#### REQUIRED ACTION:
An image-free, exact copy of the records below is required.

#### DATA RECORDS:
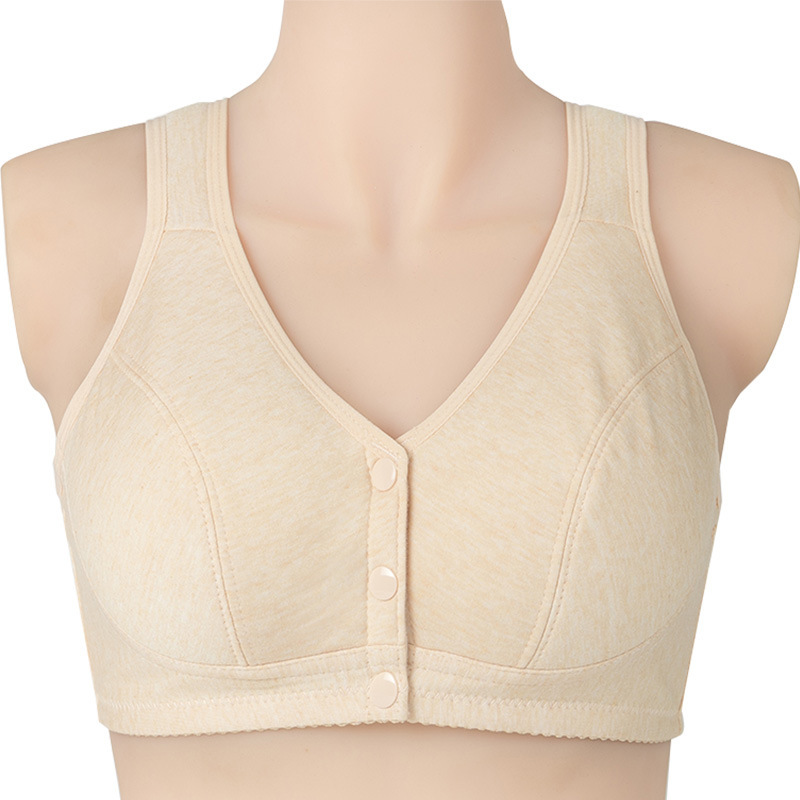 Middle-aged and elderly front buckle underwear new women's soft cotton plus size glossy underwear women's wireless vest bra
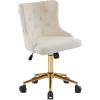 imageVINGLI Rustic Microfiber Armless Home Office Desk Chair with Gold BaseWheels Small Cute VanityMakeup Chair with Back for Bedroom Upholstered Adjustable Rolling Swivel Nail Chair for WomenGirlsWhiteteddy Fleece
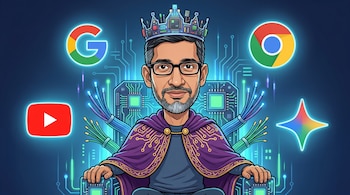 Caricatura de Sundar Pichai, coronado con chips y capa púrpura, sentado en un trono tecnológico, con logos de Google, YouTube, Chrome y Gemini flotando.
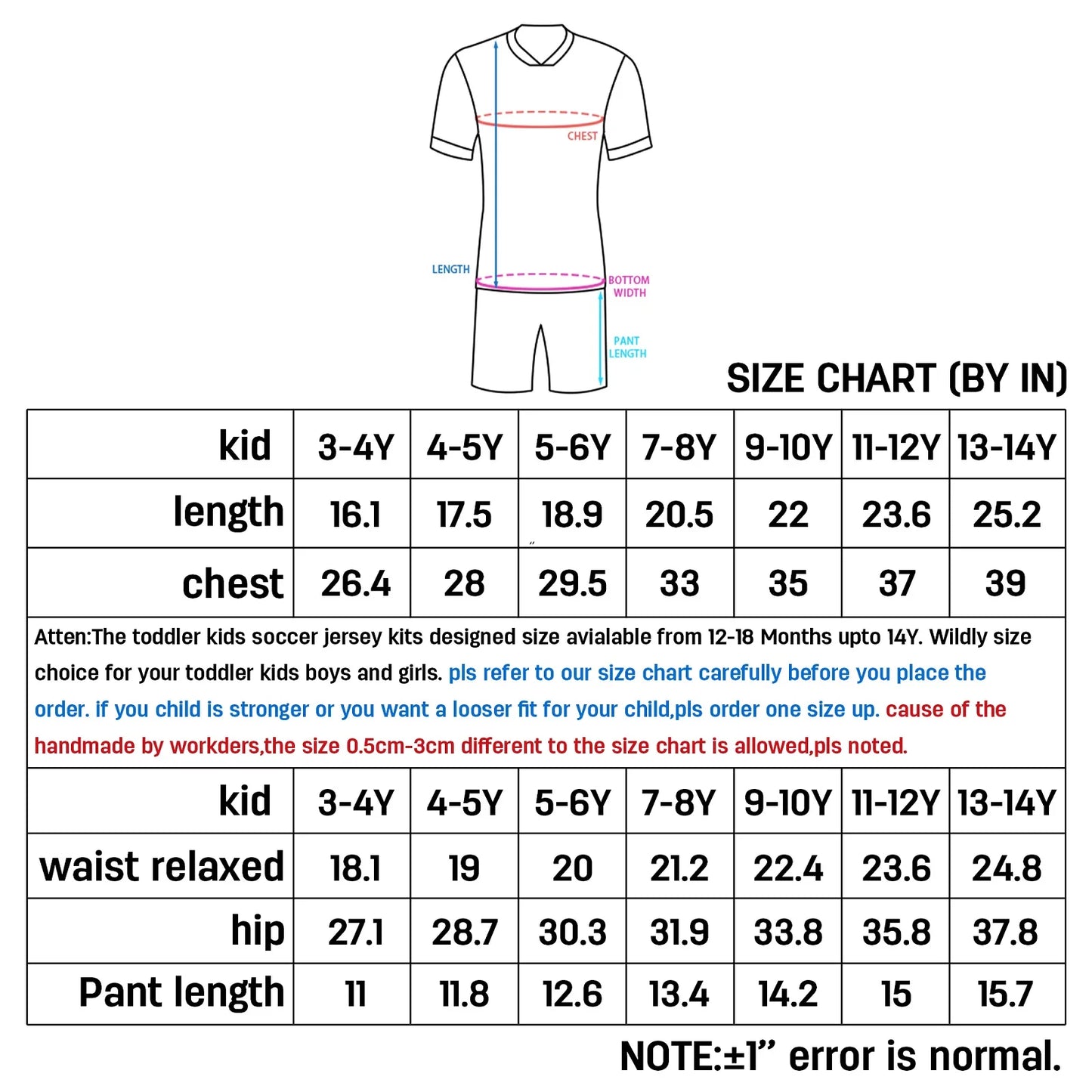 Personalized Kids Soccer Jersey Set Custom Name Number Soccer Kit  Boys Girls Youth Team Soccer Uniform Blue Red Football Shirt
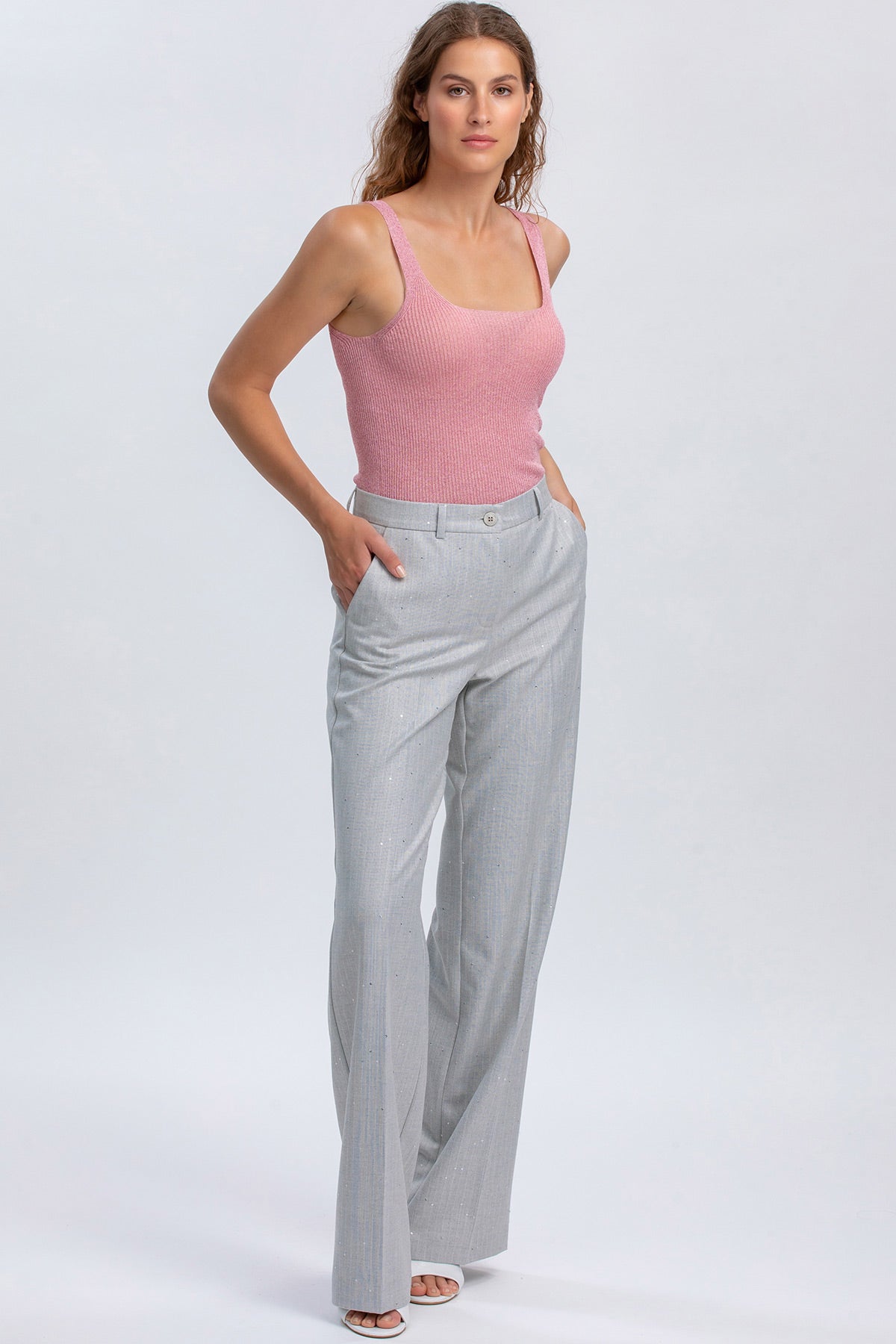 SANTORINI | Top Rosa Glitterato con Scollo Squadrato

#### SOLVED EXERCISE:
 Middle-aged and elderly front buckle underwear new women's soft cotton plus size glossy underwear women's wireless vest bra
 imageVINGLI Rustic Microfiber Armless Home Office Desk Chair with Gold BaseWheels Small Cute VanityMakeup Chair with Back for Bedroom Upholstered Adjustable Rolling Swivel Nail Chair for WomenGirlsWhiteteddy Fleece
 Caricatura de Sundar Pichai, coronado con chips y capa púrpura, sentado en un trono tecnológico, con logos de Google, YouTube, Chrome y Gemini flotando.
 Personalized Kids Soccer Jersey Set Custom Name Number Soccer Kit  Boys Girls Youth Team Soccer Uniform Blue Red Football Shirt
 SANTORINI | Top Rosa Glitterato con Scollo Squadrato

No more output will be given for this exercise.